■ EXERCISE AIM:
Treat the line containing "Immigrants from North" as the last one, and return every line exactly from the first line of the material below up to it.

■ STUDY MATERIAL:
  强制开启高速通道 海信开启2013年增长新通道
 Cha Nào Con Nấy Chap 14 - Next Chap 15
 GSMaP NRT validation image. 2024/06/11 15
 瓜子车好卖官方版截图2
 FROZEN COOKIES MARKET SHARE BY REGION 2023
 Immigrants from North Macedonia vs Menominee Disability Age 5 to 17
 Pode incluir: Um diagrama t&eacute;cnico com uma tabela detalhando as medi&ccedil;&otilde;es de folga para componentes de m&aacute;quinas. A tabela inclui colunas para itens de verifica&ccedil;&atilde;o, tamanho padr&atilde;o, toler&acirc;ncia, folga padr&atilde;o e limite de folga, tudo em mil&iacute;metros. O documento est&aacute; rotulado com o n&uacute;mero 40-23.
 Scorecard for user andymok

■ EXERCISE SOLUTION:
  强制开启高速通道 海信开启2013年增长新通道
 Cha Nào Con Nấy Chap 14 - Next Chap 15
 GSMaP NRT validation image. 2024/06/11 15
 瓜子车好卖官方版截图2
 FROZEN COOKIES MARKET SHARE BY REGION 2023
 Immigrants from North Macedonia vs Menominee Disability Age 5 to 17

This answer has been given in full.